Finally, I would like to know if there”s any way to acquire the transcripts in written form to continue learning.
I hope to have an answer and I hope there is a solution to my request
Hi new to the show is the background music overpowering the storytelling endemic for the whole series
I know I am coming SO MAJORLY LATE, but I started listening to your show recently, and I really, really love it. Your commentary is fun, you’re excellent at staying on-topic and combining many versions of one tale into a single, cohesive story when possible and telling us variations when it isn’t. Moreover, I really love not only the variety of tales — I know you explain every episode that you select these BECAUSE they’re lesser known, but it’s still basically my favorite thing about this podcat compared to others that rehash variations on the same western european tales over and over with only occasional ventures to other cultures.

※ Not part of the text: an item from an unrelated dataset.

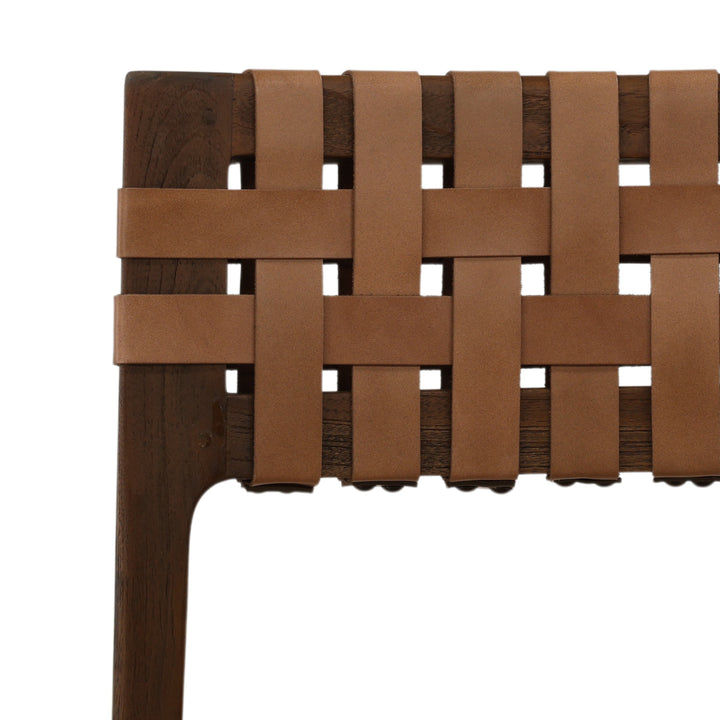 Leclaire Dining Chair Set of 2 Brown — Detail 1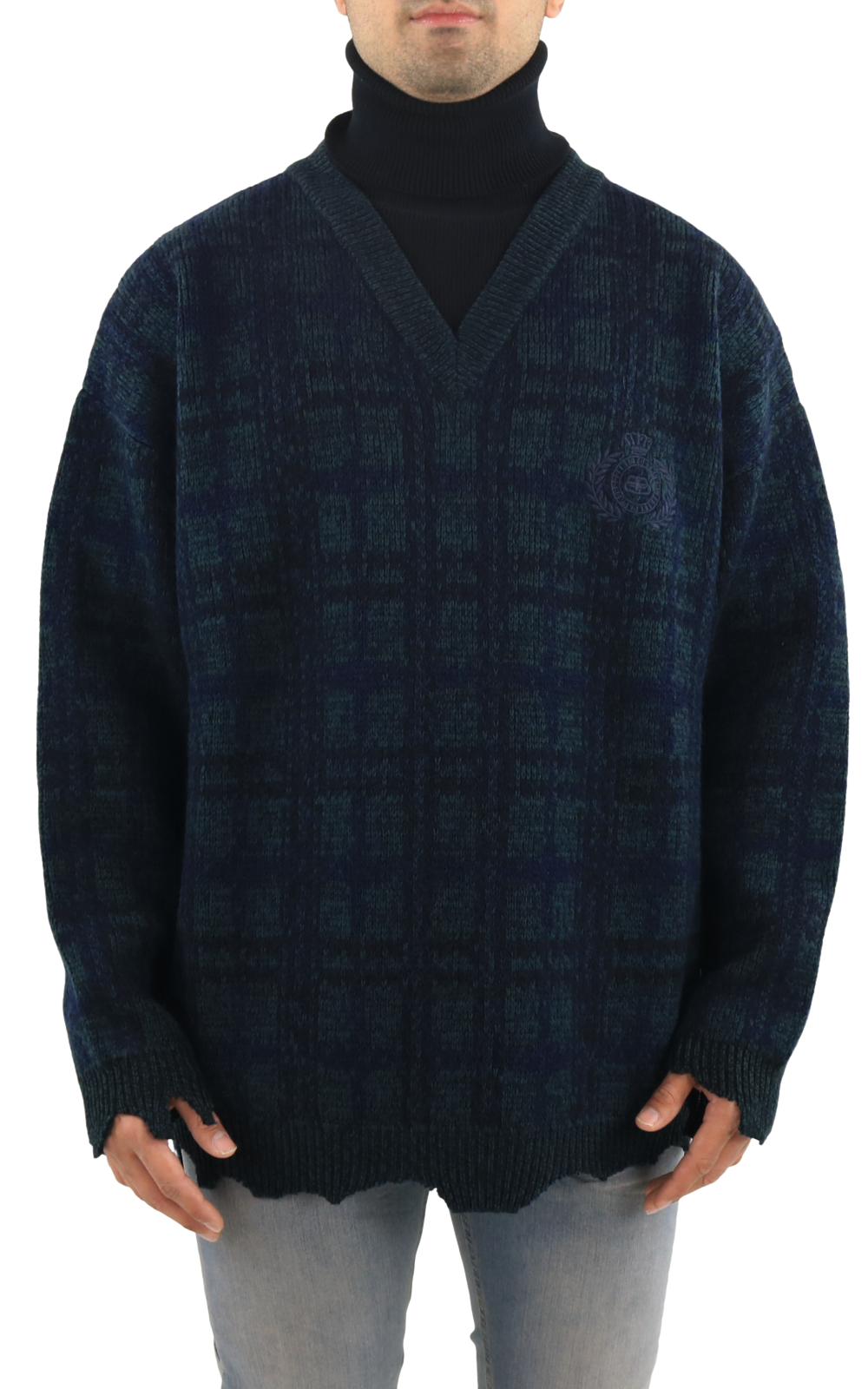 Heren Layered Turtleneck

With all of that said (and the other comments here — I did read them all beforehand, and I really apprecuate how receptive you were to the feedback), I was a bt disappointed with how you handled this one. As a queer individual, even through the commentary that you dropped throughout, I saw a really beautiful tale of HCA’s real-life love of his close male friend (HCA was bi and, as Doffo mentioned, very unlucky in love — the songbird tale was about a female singer friend who also would only ever love him as a brother) and how it would never be requited. That symbolism is really heavy throughout the tale and speaks volumes about how closeted queer people do feel when interacting in a society where being queer is unacceptable. This is obviously different in the 21st century, but in 1834, after being abised by his mother his whole life and having society call HCA worthless at every turn until he got into writing tales like this, I really love the idea that somewhere, the little mermaid does have this space in which she is respected and loved and valued and has her self-worth validated before she ventures into this strange world where she constantly suffers for having to pretend to be something she isn’t, only to love someone who can never return her affections and to watch him fall in love wirh someone else.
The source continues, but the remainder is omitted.